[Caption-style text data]
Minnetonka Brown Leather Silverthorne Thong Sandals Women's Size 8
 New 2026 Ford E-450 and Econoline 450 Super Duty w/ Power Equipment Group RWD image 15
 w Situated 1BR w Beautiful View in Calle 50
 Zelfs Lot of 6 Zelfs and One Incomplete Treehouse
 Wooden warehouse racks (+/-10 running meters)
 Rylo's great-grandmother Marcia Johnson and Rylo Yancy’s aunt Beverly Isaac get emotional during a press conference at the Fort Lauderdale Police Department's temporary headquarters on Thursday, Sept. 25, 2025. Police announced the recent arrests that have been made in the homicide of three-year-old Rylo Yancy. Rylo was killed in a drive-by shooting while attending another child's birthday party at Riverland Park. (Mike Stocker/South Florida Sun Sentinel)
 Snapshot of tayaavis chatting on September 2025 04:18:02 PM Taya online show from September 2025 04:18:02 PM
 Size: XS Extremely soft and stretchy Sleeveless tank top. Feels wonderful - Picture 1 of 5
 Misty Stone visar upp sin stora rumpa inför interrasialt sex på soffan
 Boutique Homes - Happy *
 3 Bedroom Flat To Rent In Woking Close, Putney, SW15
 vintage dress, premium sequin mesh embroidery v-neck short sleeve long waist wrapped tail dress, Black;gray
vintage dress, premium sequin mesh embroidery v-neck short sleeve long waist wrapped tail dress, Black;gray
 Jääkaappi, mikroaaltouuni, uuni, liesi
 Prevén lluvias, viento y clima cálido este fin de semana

● Exercise objective: From the entries above, write out only the lines starting at the line that holds "w Situated 1BR w Beautiful View in Calle 50" and ending at the line that holds "3 Bedroom Flat", keeping both and matching them exactly.

● Answer space:
 w Situated 1BR w Beautiful View in Calle 50
 Zelfs Lot of 6 Zelfs and One Incomplete Treehouse
 Wooden warehouse racks (+/-10 running meters)
 Rylo's great-grandmother Marcia Johnson and Rylo Yancy’s aunt Beverly Isaac get emotional during a press conference at the Fort Lauderdale Police Department's temporary headquarters on Thursday, Sept. 25, 2025. Police announced the recent arrests that have been made in the homicide of three-year-old Rylo Yancy. Rylo was killed in a drive-by shooting while attending another child's birthday party at Riverland Park. (Mike Stocker/South Florida Sun Sentinel)
 Snapshot of tayaavis chatting on September 2025 04:18:02 PM Taya online show from September 2025 04:18:02 PM
 Size: XS Extremely soft and stretchy Sleeveless tank top. Feels wonderful - Picture 1 of 5
 Misty Stone visar upp sin stora rumpa inför interrasialt sex på soffan
 Boutique Homes - Happy *
 3 Bedroom Flat To Rent In Woking Close, Putney, SW15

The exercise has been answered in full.